I had wanted to complete all of our anniversary “Thank You’s” in November, but that was not meant to be. Liz and I enjoyed a wonderful long Thanksgiving weekend with our family and I decided not to rush through the final couple of articles as the people to whom they are directed have been important mentors in our lives.
With that being said, I feel extremely fortunate during my career for having found the perfect mentors who I needed at the exact time when I needed them.
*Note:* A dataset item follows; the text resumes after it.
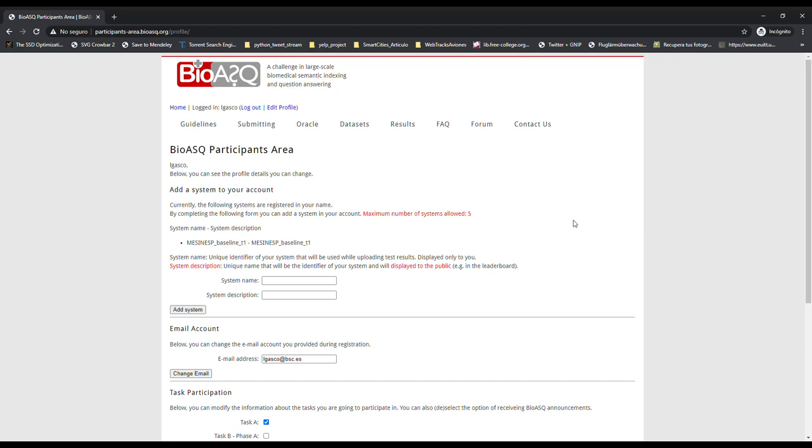For example, you can register a system for each of the MESESP subtracks. Take into account that you can use different modules under the same system name and explain the different approaches following each submission in the working notes. For example, I have created the MESESP Baseline Track 1.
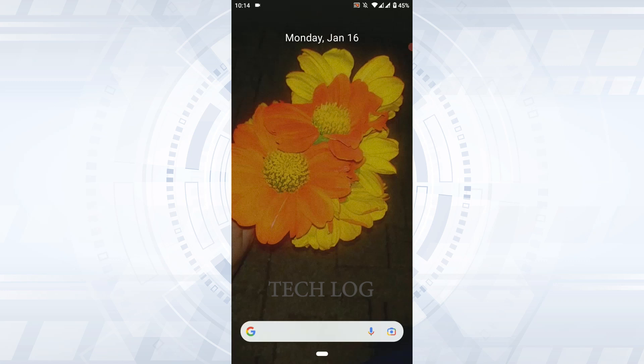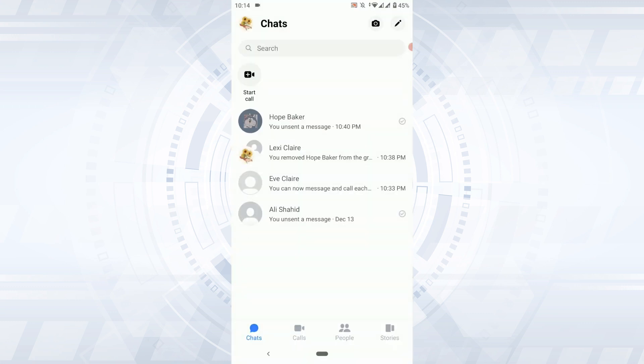Hi everyone, welcome back to the Tech Lock YouTube channel. Today I will be showing you how to change chat theme on Messenger. In Messenger, you can change the chat theme for a particular Facebook profile or the chat section.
Each of these mentors helped our office and me personally to grow and focus on what is important and point out and help eliminate our weaknesses. I firmly believe in the value that mentoring provides for people in every situation and in every decade of life. It is my sincere hope that at some point in the future, I may give back to younger dentists some of that which I took away from my mentors over the years.
I have already mentioned in an earlier thank you article the first mentor who had a significant impact on my career – Dr. Peter Dawson. Shortly after dental school, I knew that I did not want to be an “ordinary” dentist who filled teeth all day, every day. I had also come to believe that a thorough understanding of occlusion was mandatory if I was to be an excellent dentist. The reason is because occlusion has an impact on just about every condition in the mouth including gum disease, TMD, appearance and everything having to do with the longevity of dental health. Since Dr. Dawson wrote the most important modern book on the subject, I decided to take his course and began to learn about this most complex subject. As I mentioned in the previous article, I had the amazing luck to run into Dr. Dawson in the airport as I was coming home after his class. It was at that meeting when he recommended that I begin studying at the L. D. Pankey Institute which I did.
It was on a gorgeous day in the summer of 1987 or thereabouts that I sat in my lounge chair with an occlusion textbook (which had been recommended as adjunct reading) on the beach at Spring Lake. That day was a turning point in my life as that was the day when occlusion began to make sense to me. To this day, whenever I choose to improve my understanding of any subject, I find no better place to do it than in a chaise lounge on a beach. Now, some 25 years later, I am still studying occlusion and have attended the Las Vegas Institute for Advanced Dental Studies where I learned another philosophy on the same subject. Thank you very much Dr. Dawson for helping me to begin on the right path.
Then, a few years later, as the office was getting busier, it became apparent that our lack of business management savvy was becoming an issue. My experience and reading had taught me that most businesses go through a progression of plateaus and the best businesses do what is necessary to face and address challenges as they arise. Common challenges include time management, team building, financial controls and the myriad of systems which make a business work.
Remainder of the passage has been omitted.